§ YOUR INSTRUCTIONS
Each line below should be restated exactly, with nothing dropped.
=-=-=
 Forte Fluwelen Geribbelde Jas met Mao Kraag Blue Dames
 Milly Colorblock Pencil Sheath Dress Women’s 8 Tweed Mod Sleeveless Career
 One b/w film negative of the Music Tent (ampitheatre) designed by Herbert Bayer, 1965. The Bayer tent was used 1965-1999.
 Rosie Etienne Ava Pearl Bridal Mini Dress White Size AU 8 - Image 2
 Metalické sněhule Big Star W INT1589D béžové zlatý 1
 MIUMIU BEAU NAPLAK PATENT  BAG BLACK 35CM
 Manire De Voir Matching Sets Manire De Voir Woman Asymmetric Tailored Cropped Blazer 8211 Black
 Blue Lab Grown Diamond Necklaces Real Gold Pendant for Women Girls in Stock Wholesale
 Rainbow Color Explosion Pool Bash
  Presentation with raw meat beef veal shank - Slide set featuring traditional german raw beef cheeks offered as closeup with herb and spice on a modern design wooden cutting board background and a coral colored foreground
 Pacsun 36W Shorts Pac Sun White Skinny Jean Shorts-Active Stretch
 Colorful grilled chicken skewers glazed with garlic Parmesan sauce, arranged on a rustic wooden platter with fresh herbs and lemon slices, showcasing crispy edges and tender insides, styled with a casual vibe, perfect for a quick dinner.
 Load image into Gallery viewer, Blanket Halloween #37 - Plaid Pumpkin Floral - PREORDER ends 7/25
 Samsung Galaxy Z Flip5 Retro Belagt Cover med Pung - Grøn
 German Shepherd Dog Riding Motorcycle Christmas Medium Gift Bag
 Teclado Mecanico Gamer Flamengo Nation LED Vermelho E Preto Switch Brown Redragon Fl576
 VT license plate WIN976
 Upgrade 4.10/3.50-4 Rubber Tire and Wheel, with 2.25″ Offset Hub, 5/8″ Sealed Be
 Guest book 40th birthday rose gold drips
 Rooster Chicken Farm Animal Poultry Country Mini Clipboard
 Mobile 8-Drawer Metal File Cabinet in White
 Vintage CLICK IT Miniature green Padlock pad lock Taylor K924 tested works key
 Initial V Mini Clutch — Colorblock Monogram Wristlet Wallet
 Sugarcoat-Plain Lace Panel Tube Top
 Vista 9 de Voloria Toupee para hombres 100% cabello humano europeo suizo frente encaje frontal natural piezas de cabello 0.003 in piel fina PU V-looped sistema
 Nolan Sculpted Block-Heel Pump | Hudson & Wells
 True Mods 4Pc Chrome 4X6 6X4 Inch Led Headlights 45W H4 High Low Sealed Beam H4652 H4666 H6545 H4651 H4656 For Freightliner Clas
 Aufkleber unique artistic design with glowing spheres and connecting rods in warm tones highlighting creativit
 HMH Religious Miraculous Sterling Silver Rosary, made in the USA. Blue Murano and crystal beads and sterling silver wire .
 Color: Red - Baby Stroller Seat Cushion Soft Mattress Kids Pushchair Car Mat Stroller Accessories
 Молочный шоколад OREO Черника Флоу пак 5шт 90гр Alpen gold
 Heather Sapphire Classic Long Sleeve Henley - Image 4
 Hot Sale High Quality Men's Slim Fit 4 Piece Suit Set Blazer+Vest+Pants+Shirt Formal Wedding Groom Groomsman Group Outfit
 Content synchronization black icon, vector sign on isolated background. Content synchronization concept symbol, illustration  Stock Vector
=-=-=
§ COMPLETED EXERCISE
 Forte Fluwelen Geribbelde Jas met Mao Kraag Blue Dames
 Milly Colorblock Pencil Sheath Dress Women’s 8 Tweed Mod Sleeveless Career
 One b/w film negative of the Music Tent (ampitheatre) designed by Herbert Bayer, 1965. The Bayer tent was used 1965-1999.
 Rosie Etienne Ava Pearl Bridal Mini Dress White Size AU 8 - Image 2
 Metalické sněhule Big Star W INT1589D béžové zlatý 1
 MIUMIU BEAU NAPLAK PATENT  BAG BLACK 35CM
 Manire De Voir Matching Sets Manire De Voir Woman Asymmetric Tailored Cropped Blazer 8211 Black
 Blue Lab Grown Diamond Necklaces Real Gold Pendant for Women Girls in Stock Wholesale
 Rainbow Color Explosion Pool Bash
  Presentation with raw meat beef veal shank - Slide set featuring traditional german raw beef cheeks offered as closeup with herb and spice on a modern design wooden cutting board background and a coral colored foreground
 Pacsun 36W Shorts Pac Sun White Skinny Jean Shorts-Active Stretch
 Colorful grilled chicken skewers glazed with garlic Parmesan sauce, arranged on a rustic wooden platter with fresh herbs and lemon slices, showcasing crispy edges and tender insides, styled with a casual vibe, perfect for a quick dinner.
 Load image into Gallery viewer, Blanket Halloween #37 - Plaid Pumpkin Floral - PREORDER ends 7/25
 Samsung Galaxy Z Flip5 Retro Belagt Cover med Pung - Grøn
 German Shepherd Dog Riding Motorcycle Christmas Medium Gift Bag
 Teclado Mecanico Gamer Flamengo Nation LED Vermelho E Preto Switch Brown Redragon Fl576
 VT license plate WIN976
 Upgrade 4.10/3.50-4 Rubber Tire and Wheel, with 2.25″ Offset Hub, 5/8″ Sealed Be
 Guest book 40th birthday rose gold drips
 Rooster Chicken Farm Animal Poultry Country Mini Clipboard
 Mobile 8-Drawer Metal File Cabinet in White
 Vintage CLICK IT Miniature green Padlock pad lock Taylor K924 tested works key
 Initial V Mini Clutch — Colorblock Monogram Wristlet Wallet
 Sugarcoat-Plain Lace Panel Tube Top
 Vista 9 de Voloria Toupee para hombres 100% cabello humano europeo suizo frente encaje frontal natural piezas de cabello 0.003 in piel fina PU V-looped sistema
 Nolan Sculpted Block-Heel Pump | Hudson & Wells
 True Mods 4Pc Chrome 4X6 6X4 Inch Led Headlights 45W H4 High Low Sealed Beam H4652 H4666 H6545 H4651 H4656 For Freightliner Clas
 Aufkleber unique artistic design with glowing spheres and connecting rods in warm tones highlighting creativit
 HMH Religious Miraculous Sterling Silver Rosary, made in the USA. Blue Murano and crystal beads and sterling silver wire .
 Color: Red - Baby Stroller Seat Cushion Soft Mattress Kids Pushchair Car Mat Stroller Accessories
 Молочный шоколад OREO Черника Флоу пак 5шт 90гр Alpen gold
 Heather Sapphire Classic Long Sleeve Henley - Image 4
 Hot Sale High Quality Men's Slim Fit 4 Piece Suit Set Blazer+Vest+Pants+Shirt Formal Wedding Groom Groomsman Group Outfit
 Content synchronization black icon, vector sign on isolated background. Content synchronization concept symbol, illustration  Stock Vector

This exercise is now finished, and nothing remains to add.